Откушал, скислился, поднес каравай к огню. Разломил на ломти, вновь пожевал. Выплюнул, зло глянул на хлебника.
— Опять воруешь? А не я ль на тебя трижды взыск налагал? Не я ль за подмес батоги обещал?
— Не было подмесу, Афанасий Якимыч! — закрестился Пупок. — То хлебец неудашный. Работный поздно в печь посадил. Недогляд.
— Недогляд? Айда к другой печи.
Но там хлебы вышли еще «неудашнее». С подмесом оказались не только караваи, но и булки, калачи, крендели.
— Горазд ты, Селиван, горазд, — покачал головой целовальник. — И воды подлил вдоволь, и мякины не пожалел.
— Работные обмишулились, отец родной! Спьяну… Вечор еще наклюкались. Утром пришли, а башку-то не опохмелили. Сусеки перепутали. Укажу плетьми выстегать.
— Буде! — крикнул Пальчиков и кивнул ярыжкам. — В Съезжую!
Хлебник побелел: в Съезжей могли и до смерти запороть. Поманил целовальника рукой.
— Погодь, батюшка… Дельце у меня к тебе. Зайдем-ка в прируб.
Селиван плотно прикрыл дверь и протянул целовальнику кожаный мешочек с серебром.
— Прими, батюшка Афанасий Якимыч, на государево дело.

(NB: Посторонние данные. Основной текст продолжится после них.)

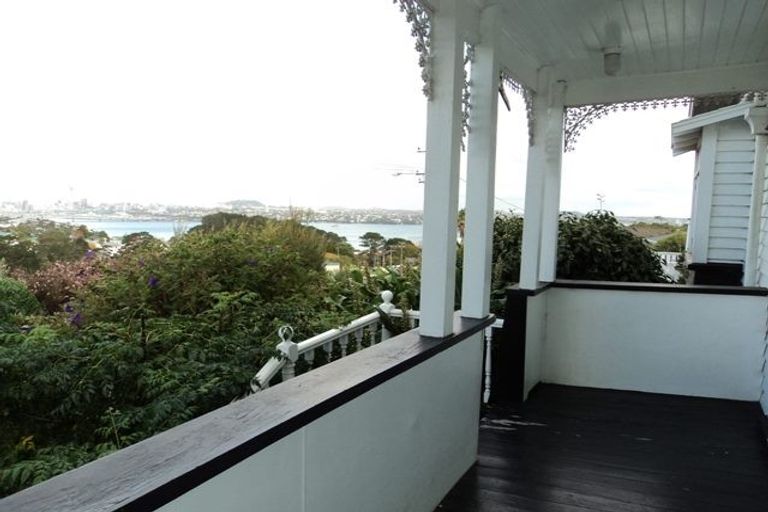 Photo of property in 11 Huka Road, Birkenhead, Auckland, 0626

Но Пальчиков осерчал пуще прежнего, огрел хлебника плеткой.
— Мздоимством не грешен!
Толкнул ногой дверь.
— Ярыжки!
На Москве диву дивились: бессребреник Афанасий Якимыч! При такой-то службе да чтоб к рукам не прилипло! Кругом мздоимец на мздоимце. Этот же праведник и святоша. Чуден Афанасий!
Однако никто не ведал его помыслов. А помыслы Пальчикова были с дальним прицелом. Давно чаял он выбиться в думные дворяне, денно и нощно о том молился. И не напрасно: слух о его радении до Бориса Годунова дошел, вот-вот Пальчикова в думные пожалует. То-то залебезят дружки и недруги.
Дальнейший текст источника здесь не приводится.